▸ **Data supplied**
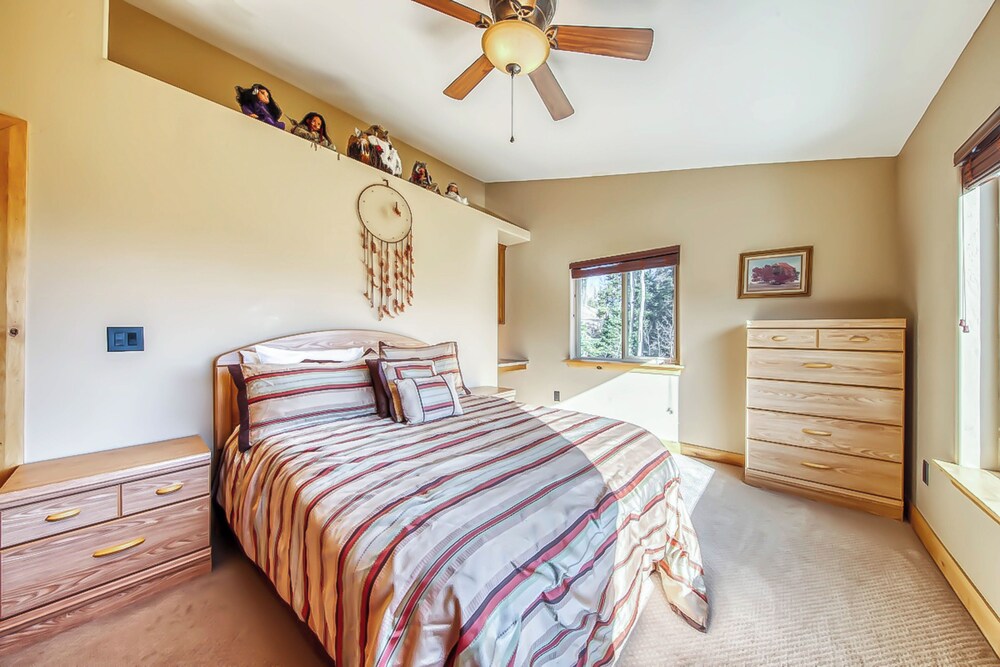 Cozy 4BR Mountain View Fireplace Deck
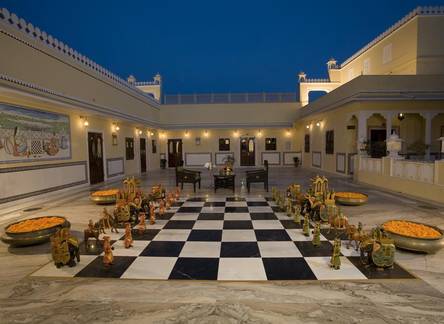 Отель The Raj Palace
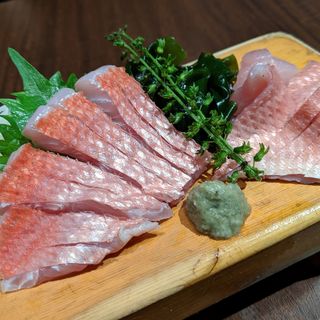 上金目鯛刺(sashimi dining 魚浜 アンド バル)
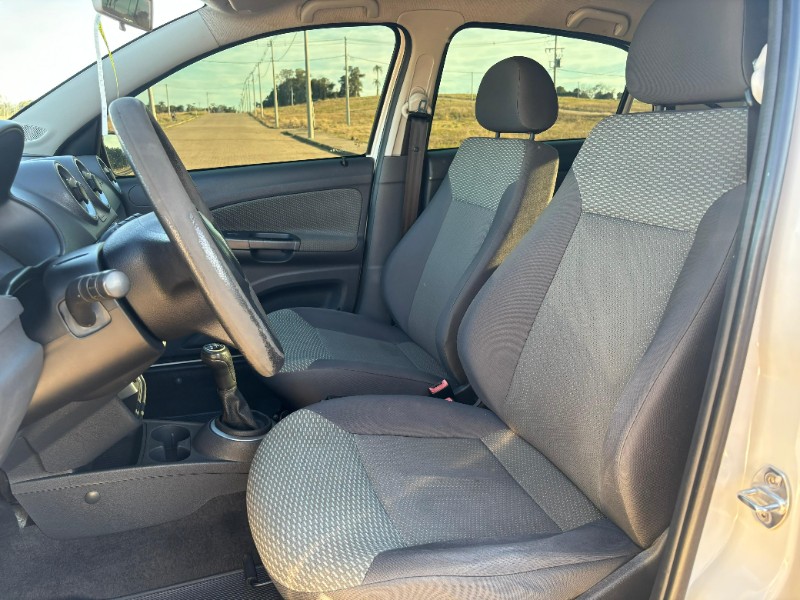 VOLKSWAGEN GOL TREND 1.0 /2011 RT 811 VEÍCULOS ARROIO DO MEIO / Carros no Vale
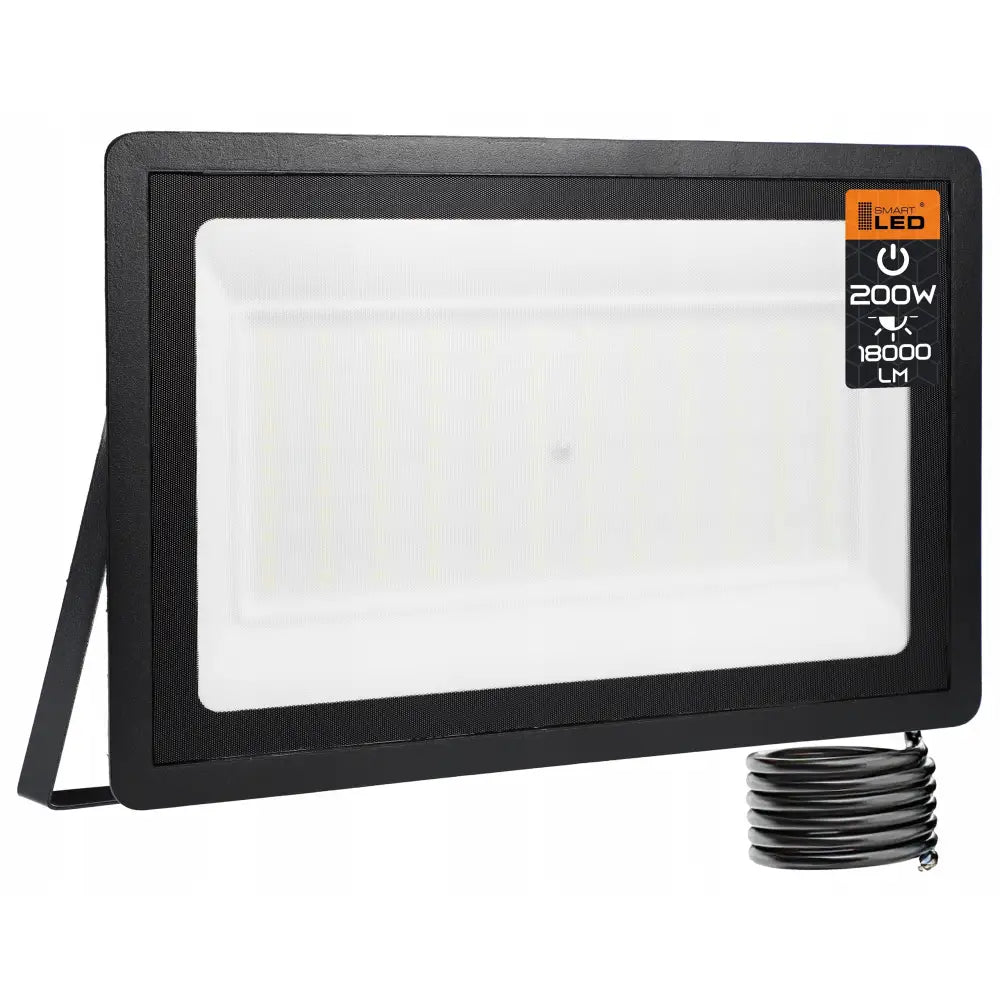 LED-strålkaster Slim 200W, skrå frontvisning med matt hvit front og spiralformet kabel til høyre.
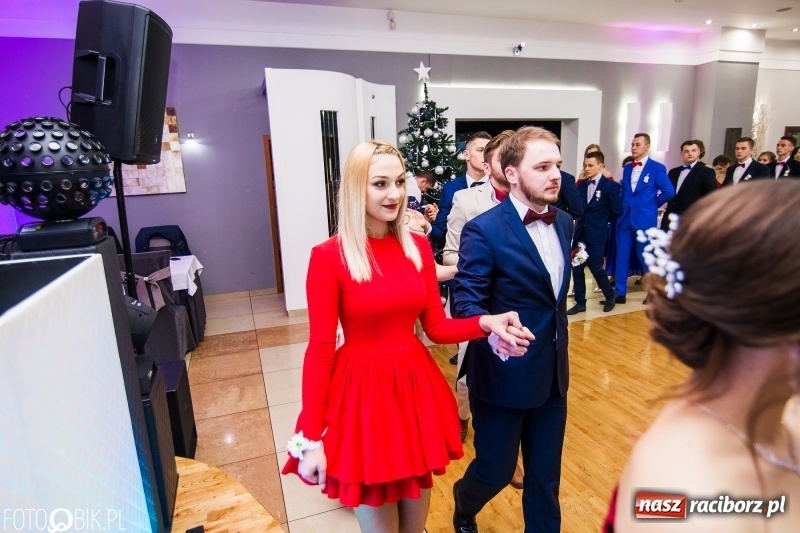 Zdjęcie w galerii na portalu naszraciborz.pl: Maturzyści Budowlanki bawią się w Bravo  wiadomości z regionu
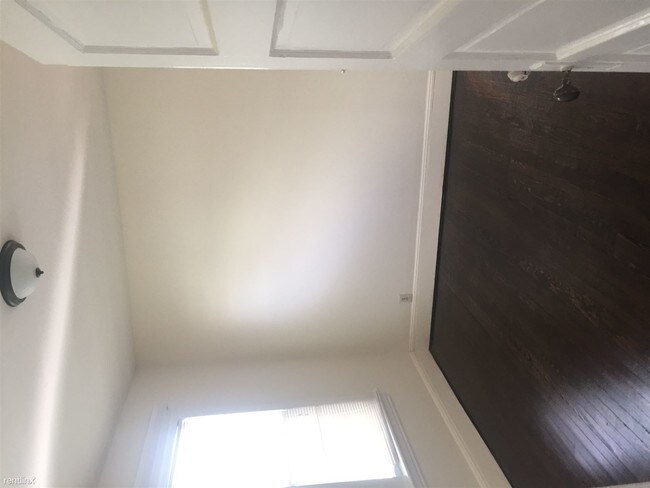 Building Photo - 2 br, 1 bath Apartment - 55 Garfield Ave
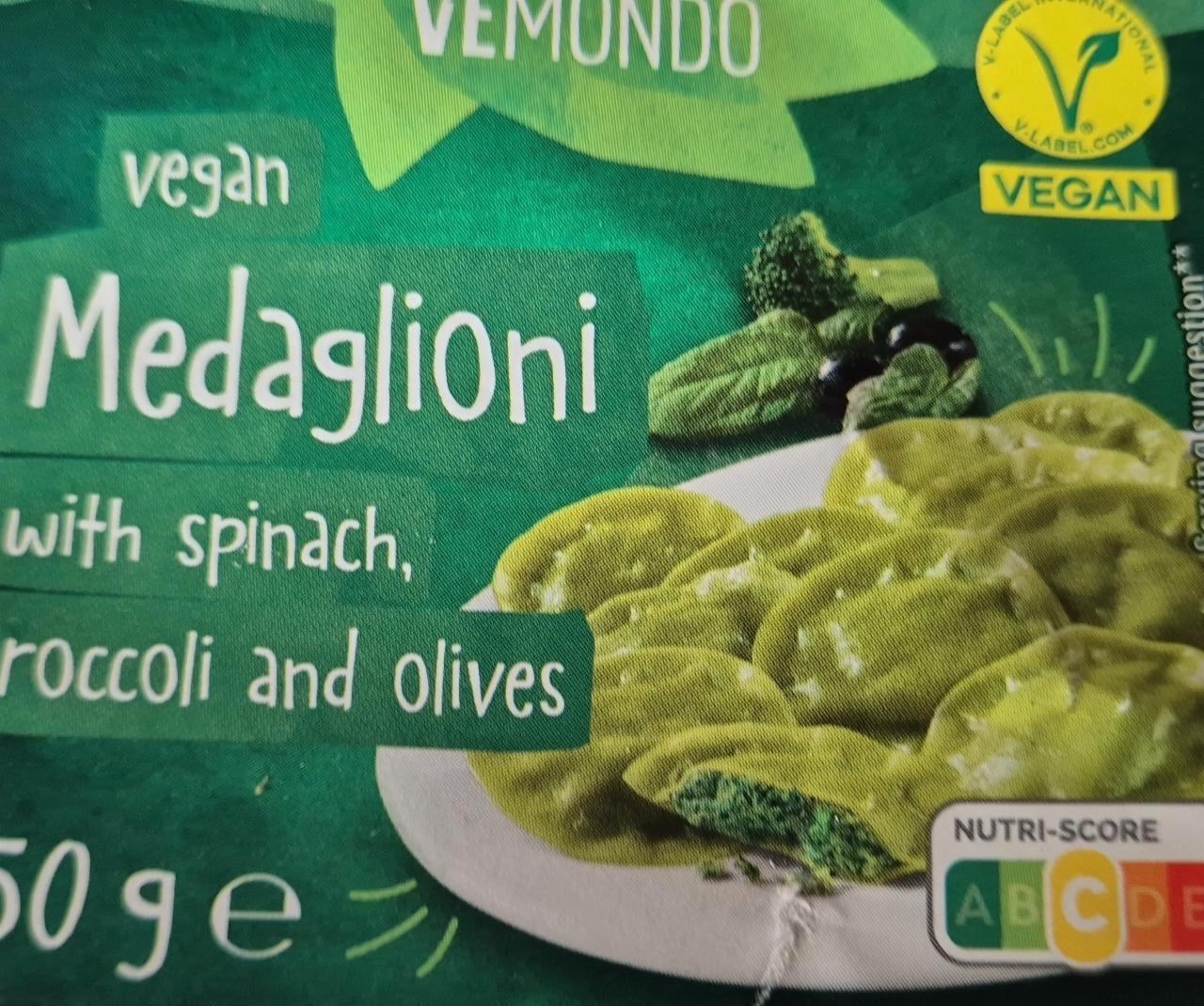 Képek - Vegan medaglioni with spinach, broccoli and olvies Vemondo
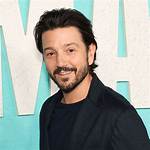 Diego Luna ·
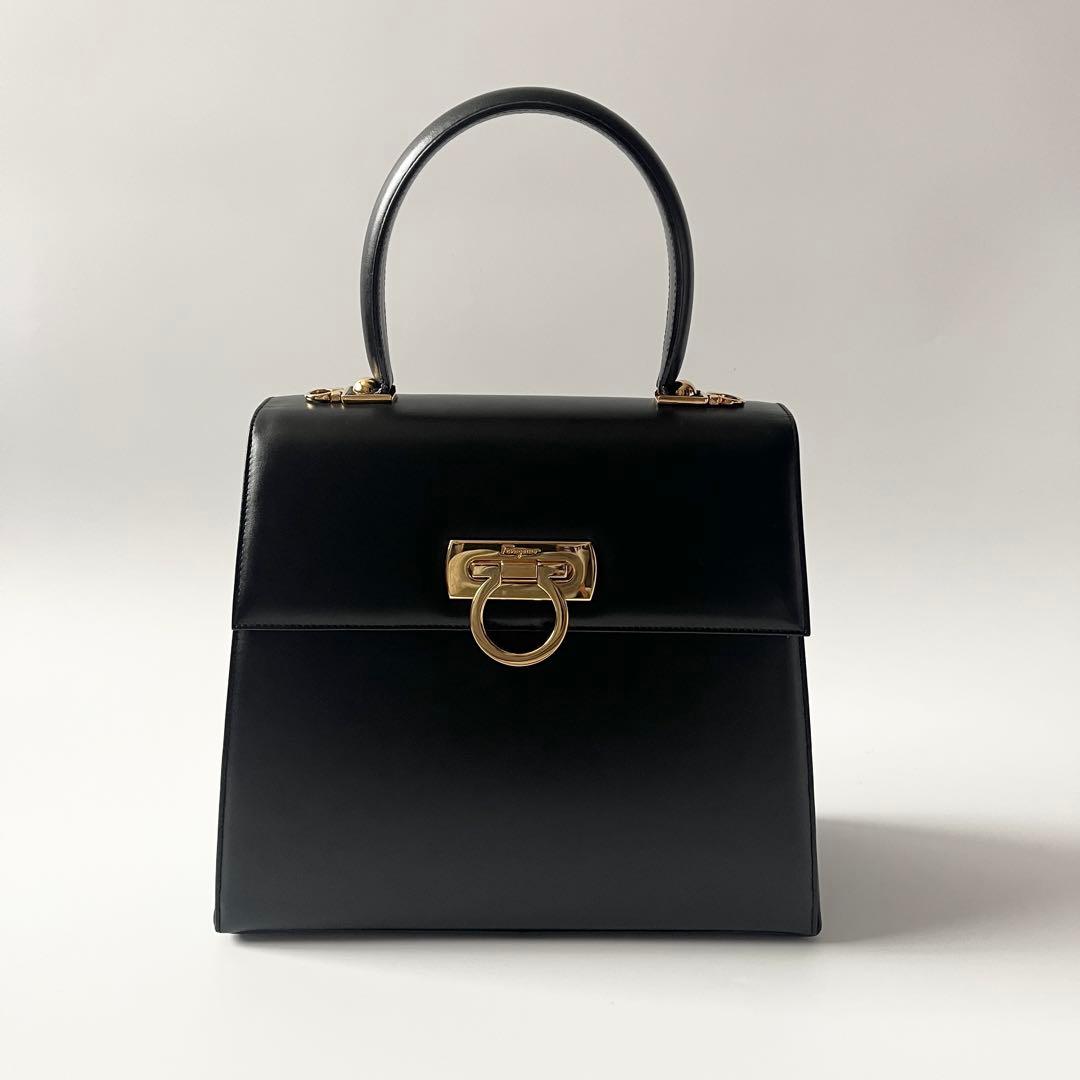 フェラガモ　2way　ガンチーニ　ハンドバッグ　レザー　黒　ブラック　フォーマル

▸ **Try it**
Pictures aside, set down the lines from the one containing "Képek - Vegan" through the end of the records above, exactly and only those.

▸ **Task solution**
 Képek - Vegan medaglioni with spinach, broccoli and olvies Vemondo
 Diego Luna ·
 フェラガモ　2way　ガンチーニ　ハンドバッグ　レザー　黒　ブラック　フォーマル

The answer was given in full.